The life of a child is often equated to that of mere dollars…over all people are comparatively cheaper than they were in the 1600-1800s, when slaves were purchased for life. Prices for these modern day slaves are at an all time low, while profits remain high, leading some to believe the problem is worse now than during the days of legalized slavery. Now ownership tends to last only a few months to a few years, making slaves cheaper to purchase and more easily disposable. In 1850 the purchase price of a slave in the southern US averaged the equivalent of $40,000 today. According to Free the Slaves, a slave today costs an average of $90. People have become a disposable commodity, cheap and easy labor one can just toss out when no longer needed. Globalization and the post-World War II population boom have increased access to, and lowered the cost of, transportation, which has in turn contributed to the increased levels of global slavery. Victims are often driven into slavery by severe poverty or acute need for economic gain. Additionally, the ethnicity of today’s slave is rarely important, however age and gender all too often are and thus women and children equate to the majority of modern slavery victims.

What is Modern Slavery

While human trafficking is often associated with poor countries, no state is immune – with every country across the globe categorized as a source, transit or destination for human trafficking. Modern slavery comes in various forms: sex trafficking and slavery; debt bondage/bonded labor; domestic servitude; involuntary servitude; child labor and child soldiering. In the case of sex trafficking, the victim is acquired for the purpose of sexual exploitation and/or commercial sex acts. Debt bondage, legally termed bonded labor, occurs when an unwarranted bond or debt, often inherited, is used to enslave an individual. Domestic servitude occurs when a person is enslaved in a private home and used for household chores and other violations. Involuntary servitude involves a situation in which laborers work under some form of physical or psychological force that prevents them from leaving. Chattel slavery is the long-term ownership of a slave and is most often racially based.

Staggering numbers

Estimates vary as to the number of modern-day slaves. According to the International Labor Organization (ILO), there are 12.3 million adults and children who are trafficked around the globe for the purpose of forced prostitution, bonded labor and forced labor. Of these victims, the ILO estimates that at least 1.39 million are victims of commercial sexual servitude, both transnationally and within countries.  The average age of entry into commercial sexual exploitation in the United States is 11-14 years-old.

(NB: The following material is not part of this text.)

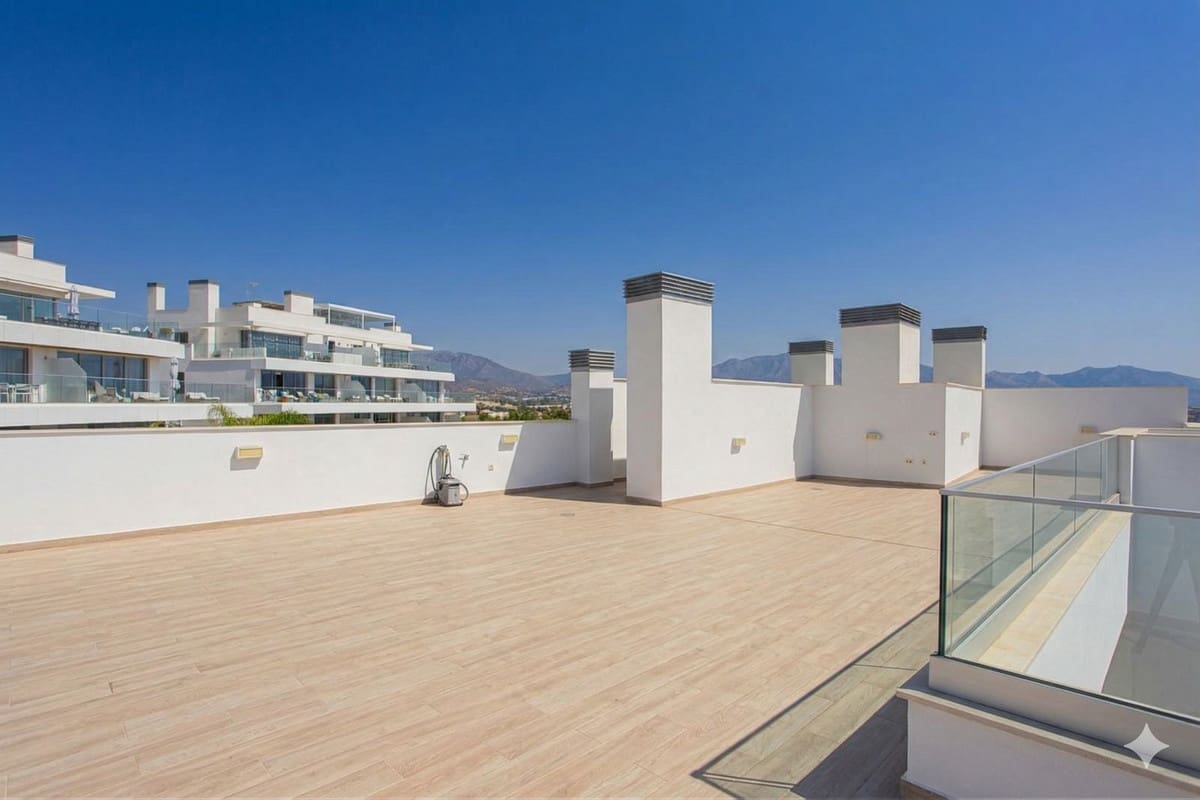 2 chambre Penthouse à vendre à Mijas avec piscine garage - 795 000 € (Ref: 9747369)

Those most victimized by human trafficking are women and children, with 56 percent of all forced labor victims women and girls. Kevin Bales, modern slavery expert and president of Free the Slaves, estimates the number to be 27 million, a figure widely accepted by NGOs. UNICEF estimates there are some 250,000 child soldiers globally, while Human Rights Watch puts the number at 300,000, with the majority, some 200,000, in Africa. Child soldiers are actively fighting in at least 30 countries around the world, according to both Amnesty International and UNICEF, and PW Singer estimates in his book, Children at War, that 43 percent of all armed organizations in the world use child soldiers, 90 percent of whom see combat.

The entire global economy is impacted by the use of slavery in the production of goods, such as cotton, tea, silk, coca, sugar, steal, carpets, diamonds, etc. The ILO report, Combating Child Labor in Cocoa Growing , estimates that 200,000 children work on cocoa farms in the Ivory Coast alone.

The sale of humans for profit is growing steadily around the globe, and is estimated to be a $31.7 billion industry, according to the ILO – making it the second largest criminal industry in the world, larger than the drug trade and soon to surpass the arms trade.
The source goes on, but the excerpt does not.